Это нужно просто представить. Тебе доводилось когда-нибудь слышать, как гвоздодером ломаются кости? Этот сочный хруст и глухой низкочастотный звон плотного металла, дрожь металлической кожи, готовой рассыпаться на песчаную бурю от ужаса прикосновения. У этого гвоздодера, который ты представляешь, был характер и стойкость — терпение, которого не хватило черепной шкатулке нашей хрупкой героини. Он даже не заметил, как в руке оказался этот злосчастный гвоздодер. Удар. Еще… Она еще дышит. Позовите врача! Крики. Закрыть лицо руками. Врача! Отвести взгляд. Прасковьи не станет седьмого дня. Рассеется приворот. Н. раскается, признается, приговорится (Робинзон теряет свою Пятницу). Так осиротеет мать автора в свои вечные двенадцать лет. Она еще не познала годы беспризорной нищеты, первый поцелуй, маленький гробик для семилетнего своего сына. Как многого она еще не знает. Как далека еще отсюда история автора.

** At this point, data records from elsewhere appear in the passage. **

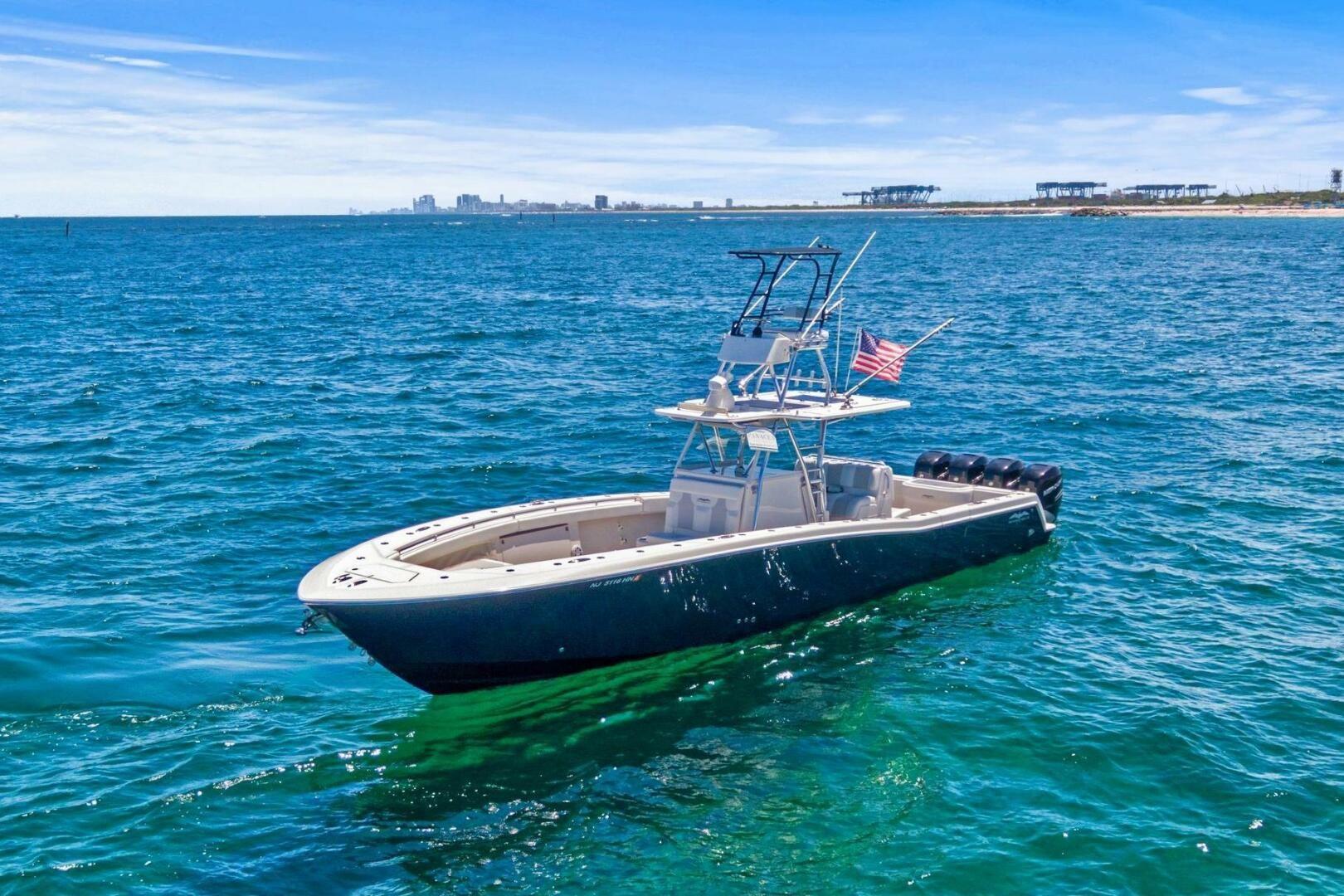 Invincible 42 Open Fisherman For Sale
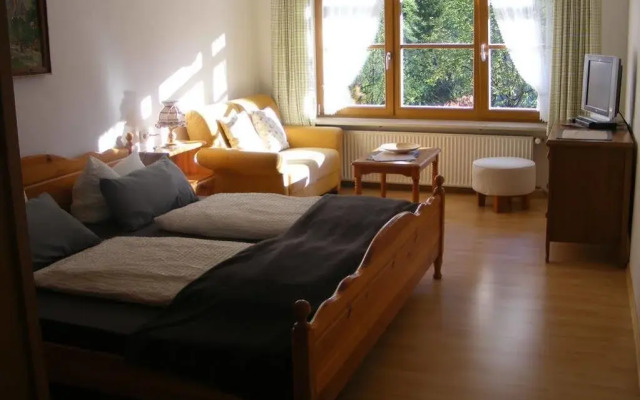 Wanderpension Wimbachklamm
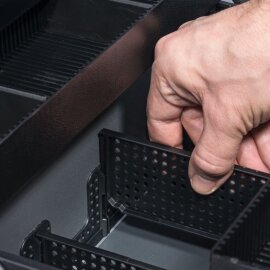 Werkzeug- und Freizeitkoffer AluPlus Tool L 36C Allit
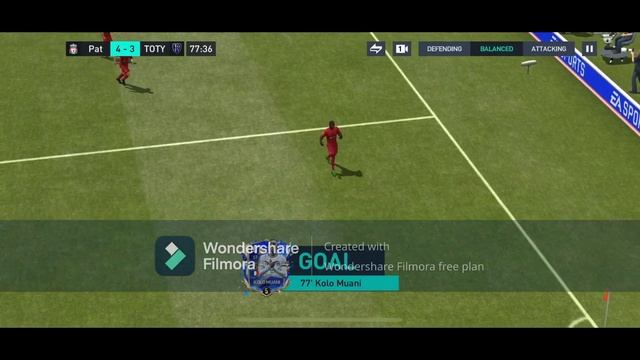 FIFA MOBILE in MacBook Pro gamplay смотреть онлайн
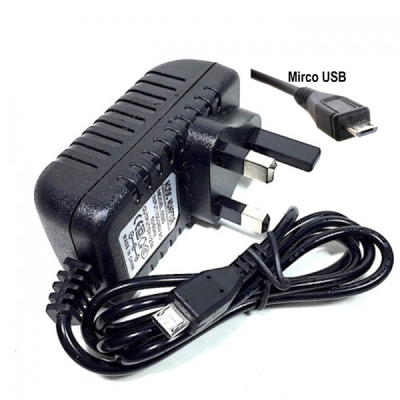 5V 2.5A Micro USB Power Supply Adapter for Raspberry Pi 3 / Arduino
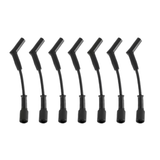 Holley EFI Camaro 10-15 6.2L Spark Plug Wire Set - Black/Black Boots (135 Degree)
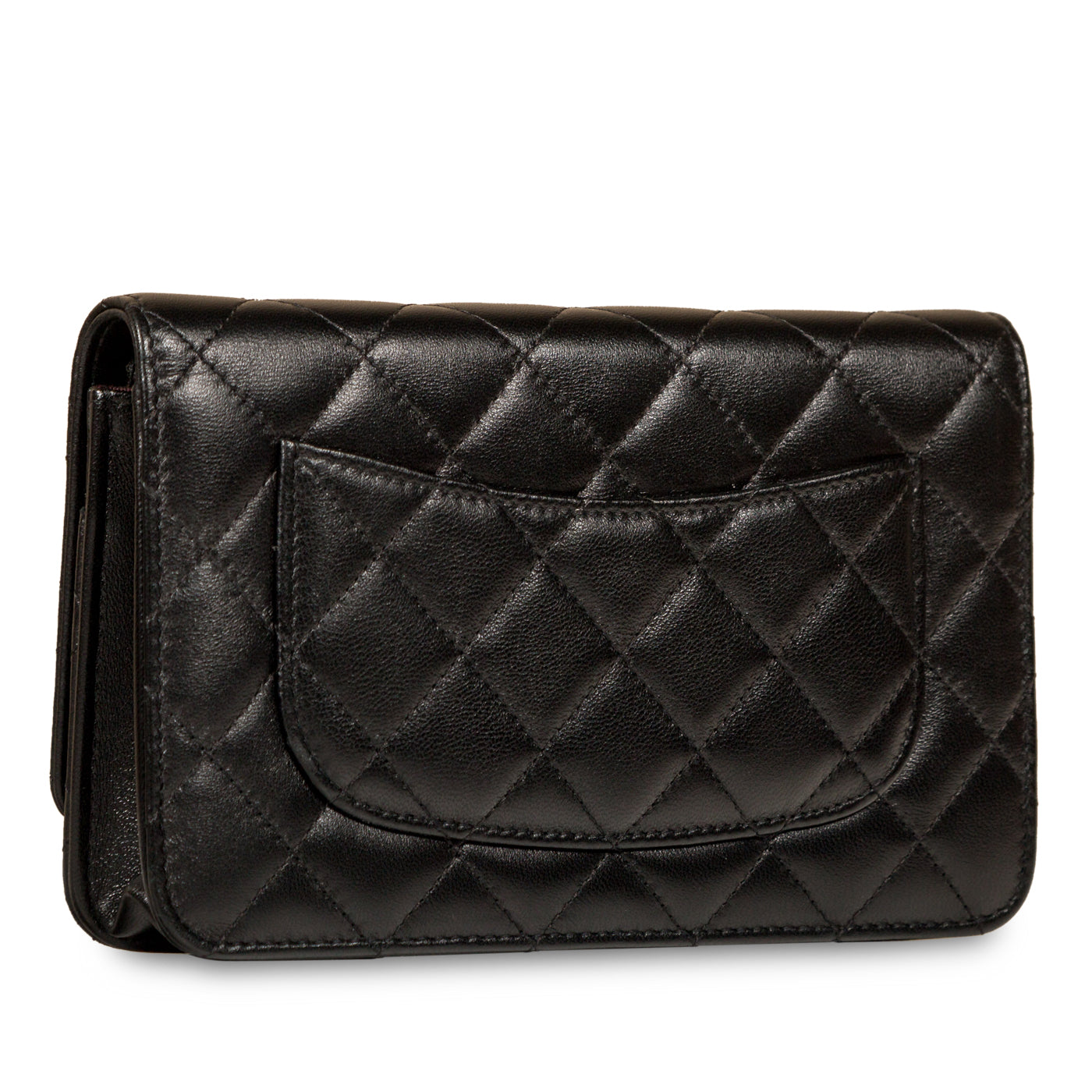 Chanel Wallet on Chain - Lambskin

Первым делом, годы спустя они встретятся: отец и мать.
У них будет сын — это дело второе.
Второй же, седьмого года, укутавшись в песках, оборвет свое дыхание песчинкой в альвеолах.
Вот и маленький гробик2.
Инверсия сиротства
Они будут любить друг друга в трауре, дабы отец загладил свою негласную вину новой инкарнацией семени, вечным возвращением любимого сына. Сплюнуть в матку, претворить, впаять означающее покойного имени, дата, подпись, печать.
Одно лицо — не отличишь.
Героический жест отца — так спасают брак. Очередные роды подкосят былую красоту, обрамлявшую сиротские глаза, на сей раз безвозвратно. Тогда мечтать о дочери. Последнее желание и последнее утешение, шанс вернуть свои двенадцать лет. Спустя год мать автора отправится на УЗИ — узнать, не злокачественная ли опухоль стервенеет в ее животе. И напоследок жестокость акушера, произносящего слово — мальчик.
За неимением лучшего сына она любила. И отец любил. Отличный коктейль для ковки Эдипа, для Кафки без К. и без единого знака, для травки никотином, для травки под спидом, для давки акушеров — тужься, тужься! — плевком утробы в прекрасную и бескрылую реальность жестоких и таких легких птиц.
Впрочем, история не об этом. Да и нет никакой истории. Есть лишь намерение, преамбула и многоточия, пунктиры и междометия.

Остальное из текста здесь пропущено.